For OANDA clients, all trading activity (whether manual or automated) is subject to the platform's standard terms, applicable regional regulation, and OANDA's own risk management policies.

Conclusion and future outlook

Algorithmic trading has moved from institutional advantage to retail reality. The tools are accessible. The platforms are ready. And the market is only growing.

Whether you want to automate a simple moving average strategy or build a multi-signal system connected via API, OANDA has the infrastructure to support it. MetaTrader 5, TradingView, REST API, QuantConnect. The options are there.

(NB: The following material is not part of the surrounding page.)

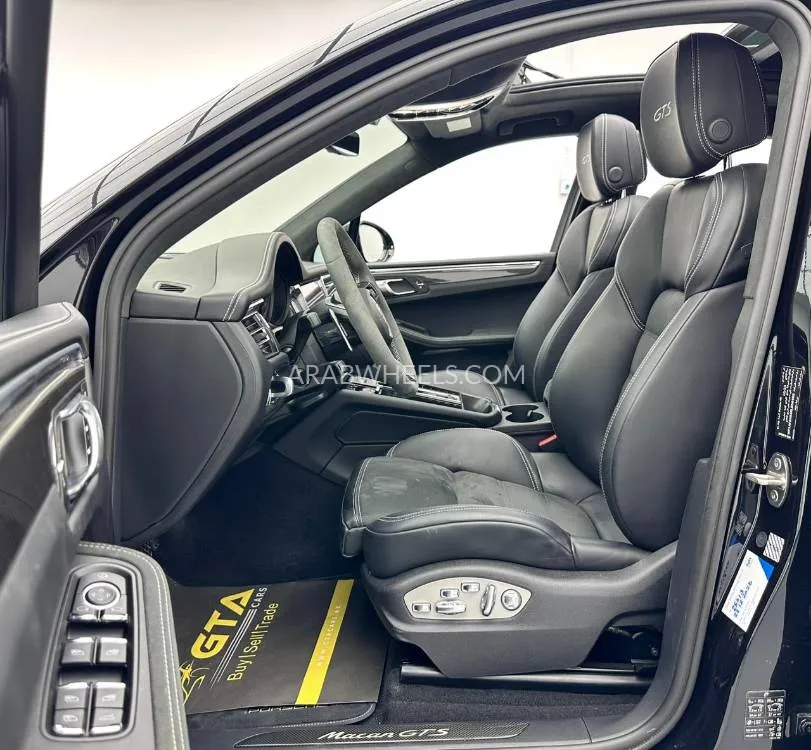 Porsche Macan 2024 for Sale in Dubai Image-14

The strategy still needs to be yours, though. Automation executes. It does not think. Build something robust, test it properly, and monitor it consistently.

Open a free demo account to test your automated strategies without risking real capital.

FAQ

What is algorithmic trading?

Algorithmic trading is the use of computer programmes to execute trades automatically based on predefined rules. When set conditions are met, the system places the trade without manual input.

Is algorithmic trading the same as automatic trading?

Yes. The terms are used interchangeably. Both refer to automated, rule-based trade execution without manual intervention.

Can beginners use algorithmic trading?

Yes. Platforms like MetaTrader and TradingView make it accessible without deep coding knowledge. AI tools can also generate algorithm files from plain-English strategy descriptions. Start with a demo account and backtest thoroughly before going live.

How do I start algorithmic trading with OANDA?

For OANDA users within Europe, Algorithmic trading is supported exclusively via MetaTrader 5 (MT5). Please note that the v20 REST Trading API is not available in this region. 

 

Disclaimer: This article is for informational purposes only and does not constitute investment advice or a recommendation. CFDs are complex instruments and carry a high risk of rapid loss of capital due to leverage. Please ensure you understand the risks involved.